Whistleblowing in Work Council Activities

Generally speaking, unions and work councils are positively disposed to the use of whistleblowing systems since it is in the interest of the companies to prevent the crimes that whistleblowers disclose.

Factors to consider are:

·  The structured registration of definable topics

Whistleblowers should only be able to submit information regarding topics specified by the work council.

·  No efficiency control

Efficiency control is to be avoided with the help of topic-specific report registration, thereby making the use of telephone hotlines obsolete.  

·  Absolute anonymity in order to protect employees

The individual employee is thus able to exercise his own responsibility in order to protect the company without being subjected to personal reprisals.

·  Use of dialogue in order to evaluate the report and to minimize denunciations

Even in an anonymous whistleblowing system dialogue is necessary so that reports can be evaluated quickly and denunciations can be eliminated. No denunciation can stand up against the repeated questioning of experts without revealing its lack of credibility by means of a plausibility analysis.

The Hans Böckler Stiftung, the co-determination- research- and scholarship department of the German Trade Union Federation, has also voiced its opinion regarding this. In one of its press releases from 28.11.2006, the introduction of a whistleblowing system is recommended. Such a system should allow anonymous reports to be submitted that could then be verified through dialogue.

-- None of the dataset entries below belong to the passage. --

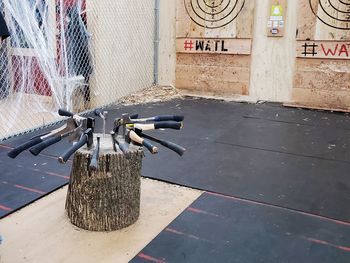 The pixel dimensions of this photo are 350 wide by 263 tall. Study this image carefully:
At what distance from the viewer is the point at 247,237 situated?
197cm

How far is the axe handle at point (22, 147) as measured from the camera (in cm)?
166

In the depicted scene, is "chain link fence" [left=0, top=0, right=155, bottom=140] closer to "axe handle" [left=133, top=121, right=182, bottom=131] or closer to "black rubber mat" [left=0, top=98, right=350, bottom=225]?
"black rubber mat" [left=0, top=98, right=350, bottom=225]

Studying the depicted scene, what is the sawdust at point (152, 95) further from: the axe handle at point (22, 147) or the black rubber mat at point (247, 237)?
the axe handle at point (22, 147)

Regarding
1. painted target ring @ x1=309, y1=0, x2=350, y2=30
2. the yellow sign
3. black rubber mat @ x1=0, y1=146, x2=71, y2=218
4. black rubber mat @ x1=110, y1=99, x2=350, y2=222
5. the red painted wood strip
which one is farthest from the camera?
the yellow sign

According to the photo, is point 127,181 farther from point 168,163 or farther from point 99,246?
point 168,163

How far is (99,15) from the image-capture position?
15.5 ft

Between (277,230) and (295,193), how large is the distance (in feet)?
1.70

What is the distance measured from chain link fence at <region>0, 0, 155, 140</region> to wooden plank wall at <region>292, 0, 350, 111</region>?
219cm

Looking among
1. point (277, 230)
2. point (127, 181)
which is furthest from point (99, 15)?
point (277, 230)

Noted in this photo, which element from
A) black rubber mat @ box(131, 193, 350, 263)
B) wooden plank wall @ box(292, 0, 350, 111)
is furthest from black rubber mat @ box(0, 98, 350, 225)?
wooden plank wall @ box(292, 0, 350, 111)

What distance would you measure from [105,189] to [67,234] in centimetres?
31

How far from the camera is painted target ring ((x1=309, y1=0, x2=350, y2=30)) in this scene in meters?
4.68

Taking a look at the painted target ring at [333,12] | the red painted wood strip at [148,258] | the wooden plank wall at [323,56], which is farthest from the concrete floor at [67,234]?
the painted target ring at [333,12]

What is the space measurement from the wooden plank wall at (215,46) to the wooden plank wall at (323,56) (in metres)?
0.68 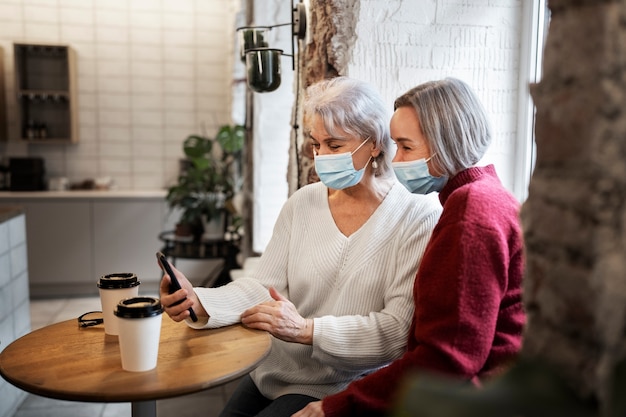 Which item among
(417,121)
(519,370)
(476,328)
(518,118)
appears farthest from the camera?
(518,118)

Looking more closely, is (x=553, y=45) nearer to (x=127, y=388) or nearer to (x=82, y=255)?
(x=127, y=388)

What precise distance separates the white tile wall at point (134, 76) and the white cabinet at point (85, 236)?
542 millimetres

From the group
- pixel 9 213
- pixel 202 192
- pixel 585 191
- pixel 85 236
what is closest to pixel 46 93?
pixel 85 236

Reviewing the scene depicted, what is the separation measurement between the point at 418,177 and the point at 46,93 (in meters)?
4.15

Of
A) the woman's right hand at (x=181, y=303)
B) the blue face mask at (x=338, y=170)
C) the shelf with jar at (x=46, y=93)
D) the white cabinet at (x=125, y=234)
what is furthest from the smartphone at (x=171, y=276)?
the shelf with jar at (x=46, y=93)

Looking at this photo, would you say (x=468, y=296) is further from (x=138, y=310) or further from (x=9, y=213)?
(x=9, y=213)

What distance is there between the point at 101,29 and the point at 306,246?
156 inches

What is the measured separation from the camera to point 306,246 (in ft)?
→ 5.54

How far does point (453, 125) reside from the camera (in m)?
1.33

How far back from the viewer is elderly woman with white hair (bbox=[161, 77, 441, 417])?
1.45 m

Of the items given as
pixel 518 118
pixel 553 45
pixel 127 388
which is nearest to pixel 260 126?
pixel 518 118

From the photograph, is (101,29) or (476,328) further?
(101,29)

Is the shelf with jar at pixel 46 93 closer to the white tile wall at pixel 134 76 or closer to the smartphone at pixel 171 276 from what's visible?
the white tile wall at pixel 134 76

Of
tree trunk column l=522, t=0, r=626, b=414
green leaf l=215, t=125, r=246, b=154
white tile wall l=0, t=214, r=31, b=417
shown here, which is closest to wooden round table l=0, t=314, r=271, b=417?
tree trunk column l=522, t=0, r=626, b=414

In the Hans Böckler Stiftung’s work guideline entitled "Whistleblowing," the author RA Björn Rohde-Liebenau demands personnel and employee committees to be more transparent and communicative at the upper levels and for measures to be taken against the “culture of silence.” The trade unions are making steps to actively support and protect whistleblowers.

This is because, time and again, there have been cases where there have been internal reports of risk and damages, but the information either came too late or was ignored.

Yet personnel and employee committees and union members play a key role in supporting their fellow employees so that such risks are pointed out in time so that an inter-organizational culture of openness is created that protects not only the lives and health of employees, but also the existence of jobs and companies themselves.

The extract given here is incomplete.